Online advertising has become an important part of restaurant marketing. With unprecedented reach and targeting options, online ads seem like a great way to reach potential customers.
And often, that’s exactly what happens. But research has shown that sometimes online restaurant marketing can actually benefit the advertiser’s competitors more than it helps the advertiser itself.
How can this be?
The Spillover Effect
Let’s talk about something known as the “spillover effect.” According to Navdeep Sahni, associate professor of marketing at Stanford Graduate School of Business, the spillover effect occurs when an online restaurant ad unintentionally boosts the cumulative sales of competitors.
That means, that when you add up all the sales gains made by the advertiser’s competitors, the online ads had a greater positive effect for the competitors than for the advertiser.
Sahni did a series of experiments in India focused on restaurant advertising. In these experiments, he was able to control the banner ads that users saw on a restaurant review site. He tracked when users clicked through to obtain a specific restaurant’s phone number. This was an action that was highly correlated with placing an order.
Sahni found that sales leads for individual competitors increased by an average of 4%. This was significant because the advertisers has multiple competitors in the same market.
The beneficial effects for competitors were greatest when the competitor offered a menu that was similar to the advertiser and received favorable reviews on the restaurant review website.
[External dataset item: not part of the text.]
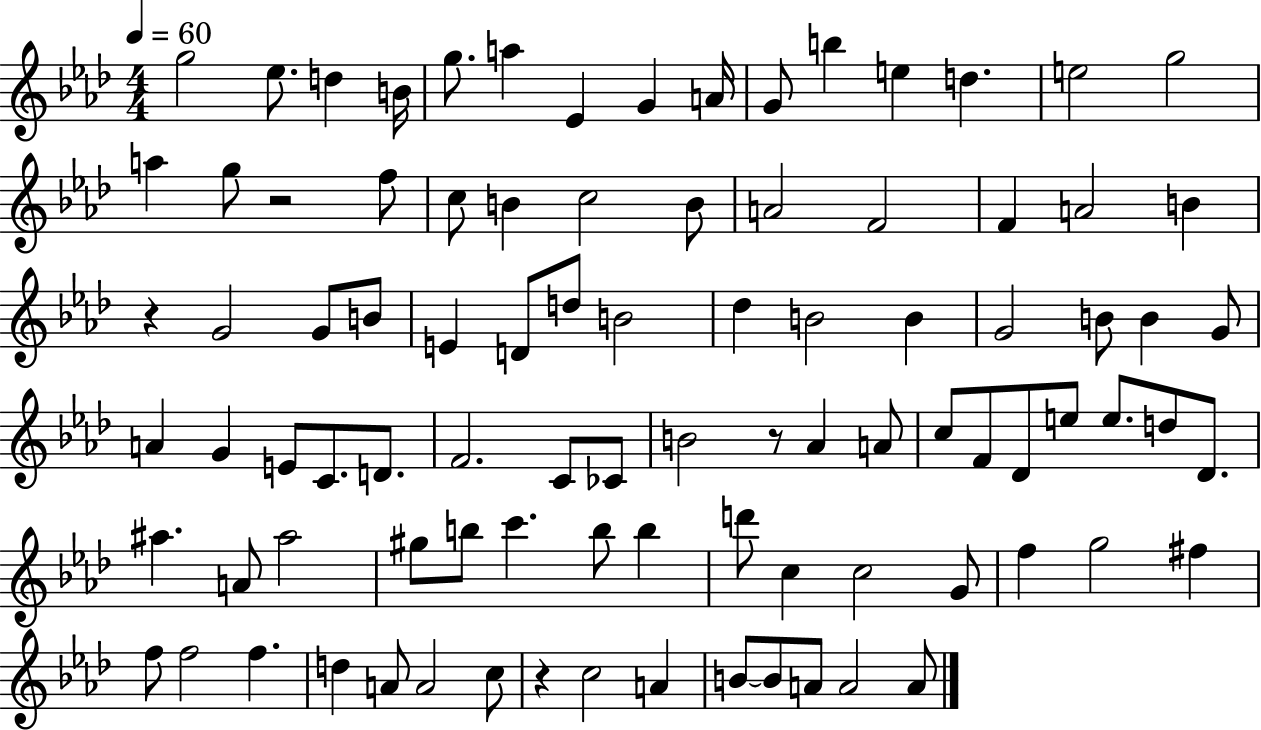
G5/h Eb5/e. D5/q B4/s G5/e. A5/q Eb4/q G4/q A4/s G4/e B5/q E5/q D5/q. E5/h G5/h A5/q G5/e R/h F5/e C5/e B4/q C5/h B4/e A4/h F4/h F4/q A4/h B4/q R/q G4/h G4/e B4/e E4/q D4/e D5/e B4/h Db5/q B4/h B4/q G4/h B4/e B4/q G4/e A4/q G4/q E4/e C4/e. D4/e. F4/h. C4/e CES4/e B4/h R/e Ab4/q A4/e C5/e F4/e Db4/e E5/e E5/e. D5/e Db4/e. A#5/q. A4/e A#5/h G#5/e B5/e C6/q. B5/e B5/q D6/e C5/q C5/h G4/e F5/q G5/h F#5/q F5/e F5/h F5/q. D5/q A4/e A4/h C5/e R/q C5/h A4/q B4/e B4/e A4/e A4/h A4/e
One exception to the spillover effect involved already popular restaurants. Sahni explains this by saying, “if it’s a well-known chain, anyone who’s going to buy from that chain is already thinking of it.”
What Spillover Means for Restaurant Marketing
The spillover effect basically tells us that when a user sees an ad for one restaurant, they are likely to be reminded of other, similar restaurants that may then actually be the beneficiary of the original advertiser’s efforts.
“If you look at one object, you’re reminded of other related objects that become salient,” says Sahni.
So if you advertise your pizza place online, you may just be reminding potential customers of other pizza places that they already familiar with. And that could lead them to make a purchase decision from one of these restaurants instead of yours.
How can you fight spillover? There are a couple of strategies that can help to counteract the spillover effect.
“Advertisers can counteract spillover by creating ads that emphasize what distinguishes them from their competitors.”
– Navdeep Sahni
First, Sahni recommends that restaurants create ads that emphasize what distinguishes them from their competitors. If there is something unique about your restaurant offering or if there is something that customers can’t get anywhere else, that is what your ads should focus on.
Similarly, restaurants should strive to understand their customers wants and needs. For example, if your restaurant customers value lower prices, then your ad should emphasize your low prices and good values.
If you believe that your customers value positive reviews, then you could include a testimonial quote on your ads.
Sahni’s research also discovered that the spillover effect can be overcome by increasing the frequency with which your online ads are seen by potential customers. His research indicates that low-frequency ad exposures helped competitors more than higher-frequency ad exposures. Sahni’s experiments showed that 3 or more ad exposures virtually eliminated the spillover effect.
Bottom line: increased spending and ad coverage can help combat sensitizing potential customers to your competitors and losing potential sales.
“To convert an impression into a sale, you have to beat the competitors that your ad reminds people of,” says Sahni. “If you can tell consumers that you’re actually better than your competitors, then you’re going to get more sales.”